Politics in Afghanistan is as complex as Afghan society and it is infused in everyday life for practical reasons and the chapter on Politics covered five different types of politics evidenced in the Afghan society. Institutional politics of Afghanistan has a formally strong executive presidency which reflects that Afghanistan was in need of a strong leadership but so far, the office of president has not provided any cohesive and decisive leadership as the architects hoped for. Apart from institutional politics, network politics, warlord politics, contentious politics and identity politics which has been explained very intensely by the authors, played an equally important role in the context of the ongoing insurgency.
The subsequent chapter deals with the key challenges faced by the Afghan economy from the issue of dependence on foreign aid, unravelling the relationship between the state and the entrepreneurs, challenges faced by the Afghan agriculture in an environment where opium cultivation is hugely profitable to the issue where Afghanistan’s economic developments fit into the wider world economy. Though the authors have deeply elaborated on these challenges faced by the Afghan economy, the have also highlighted the most encountered myth in the last four decades, which claims that the Afghan economy has collapsed. The authors have contradicted this myth by considering the bulk of Afghan population residing inside the country who has been surviving not on the strength of foreign aid or state policy but on the circular flow of income that might have been flawed but has proved capable of fulfilling the daily needs of millions of people.

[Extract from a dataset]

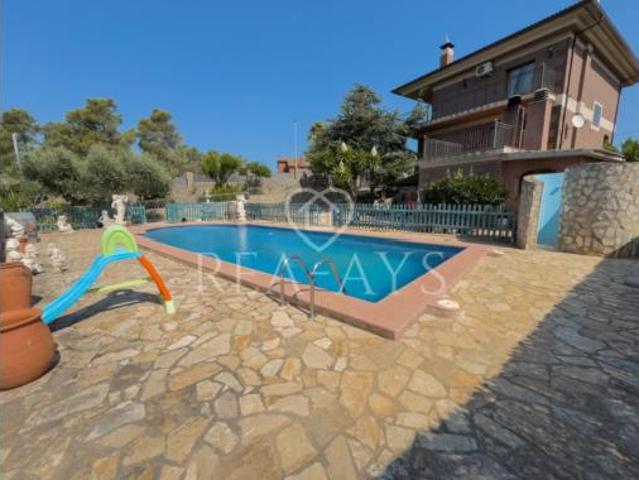 Chalet Venta Vallirana, Vallirana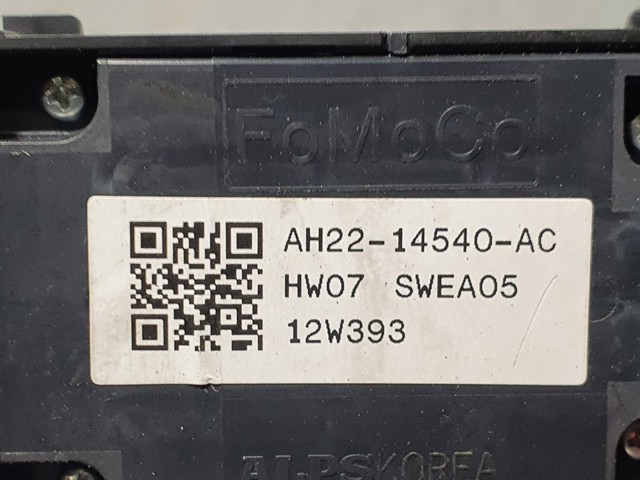 AH2214540AC LAND ROVER Кнопочный блок управления стеклоподъемником передний левый купить в Ровно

The next chapter deals with Afghanistan’s international relations and why Afghanistan’s place is important in the world and how it can utilise its significance strategically for its own purposes. Through the facts presented by the authors it is evident how Afghanistan’s neighbourhood comprising of India, Pakistan and Iran and broadly Russia and China and to a greater distance United States has limited the aspirations of Afghanistan, majorly due to the complex relationship that it shares with these countries. Hope for a better future for Afghanistan has been expressed by the writers as they emphasize the positive role that globalization has played and the opportunities it has created for Afghans which they never previously enjoyed. The text concludes with a hope for a better future for the country which can largely be shaped by the globalized generation of younger Afghans with a very different approach to see the world as compared to their elder generations as they have the ability to rage against the dying of the light as rightly said by Dylan Thomas. The active involvement of the younger Afghans can offer this war-torn country, an escape route from decades of sorrow and misery.
Overall, this book is a significant text in the light of the ongoing U.S. withdrawal and in predicting the subsequent future developments in the war-torn Afghanistan once the termination is complete. The book provides a complete backdrop of Afghanistan behind its state formation to its present-day character of a rentier state. The text also enables the readers to have a broader perspective in analysing the picture of Afghanistan and to come up with more holistic predictions and suggestions for a more stable and peaceful Afghan administration mandated by the will of its people.